Francis IV Joseph Charles Ambrose Stanislaus (Italian: Francesco IV Giuseppe Carlo Ambrogio Stanislao d'Asburgo-Este; 6 October 1779 – 21 January 1846) was Duke of Modena, Reggio, and Mirandola (from 1815), Duke of Massa and Prince of Carrara (from 1829), Archduke of Austria-Este, Royal Prince of Hungary and Bohemia, Knight of the Order of the Golden Fleece.

Biography
Francis was born in Milan. His father was Ferdinand Karl, Archduke of Austria-Este and Duke of Breisgau, his mother Maria Beatrice d'Este, Duchess of Massa and Princess of Carrara, who was the last descendant of the House of Este and, through her mother, of the House of Cybo-Malaspina.

He was a grandson of Maria Theresa of Austria, head of the House of Habsburg, and was heir to the Este states through his father, who had been invested with the succession in the imperial fies of the Este by the Perpetual Imperial Diet in 1771, just before his marriage to Maria Beatrice, although he could never actually ascend the throne during the Napoleonic era. Francis's mother was not entitled to inherit due to the Salic law in force in Modena and Reggio (but not applied in Massa and Carrara). He thus became the first member of the House of Habsburg-Este to rule the Este inheritance in Northern Italy.

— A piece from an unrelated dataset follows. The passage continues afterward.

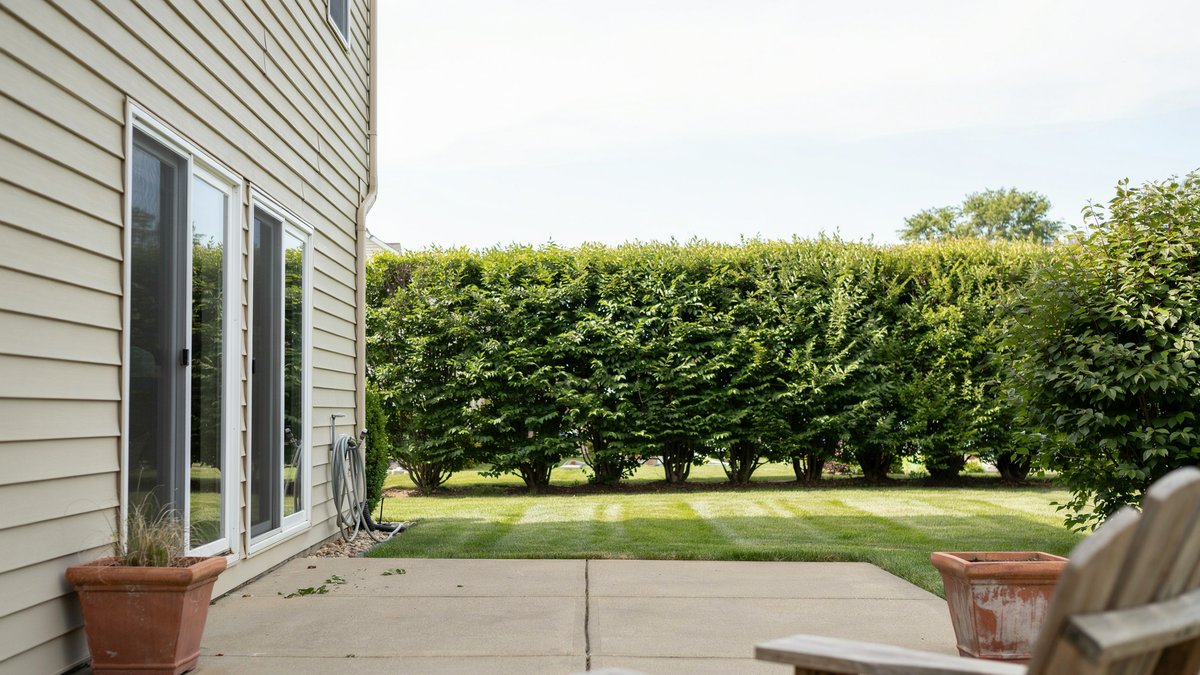 Trimmed green hedge forming a living border along the lawn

Francis is distinguished for his stern and tyrannic rule by which he repressed all the democratic movements appearing during his reign, particularly following a major revolt in 1830. The harshness of the Ducal policies are illustrated by the hanging of Ciro Menotti for an attempted insurrection against the Duke (1831).

Family
In 1812, Francis married his niece the Princess Maria Beatrice of Savoy, who was the daughter of his sister Archduchess Maria Teresa of Austria-Este and King Victor Emmanuel I of Sardinia.  The couple had four children:

 Maria Theresa (1817–1886), married Henri, comte de Chambord.
 Francis V, Duke of Modena (1819–1875), married Princess Adelgunde of Bavaria.
 Ferdinand Karl (1821–1849), married Archduchess Elisabeth Franziska of Austria. Father of Maria Theresia, Archduchess of Austria-Este.
 Maria Beatrix (1824–1906), married Infante Juan de Bourbon, Count of Montizón.

Ancestry

See also
List of Dukes of Modena
House of Este
Modena

External links

|-

Francesco IV d'Este
Dukes of Reggio
Austria-Este
Nobility from Milan
Roman Catholic monarchs
1779 births
1846 deaths
Modenese princes
Generals of the Holy Roman Empire
Knights of the Golden Fleece of Austria
Grand Crosses of the Order of Saint Stephen of Hungary
Recipients of the Order of the White Eagle (Russia)
Recipients of the Order of St. Anna, 1st class
Recipients of the Order of the White Eagle (Poland)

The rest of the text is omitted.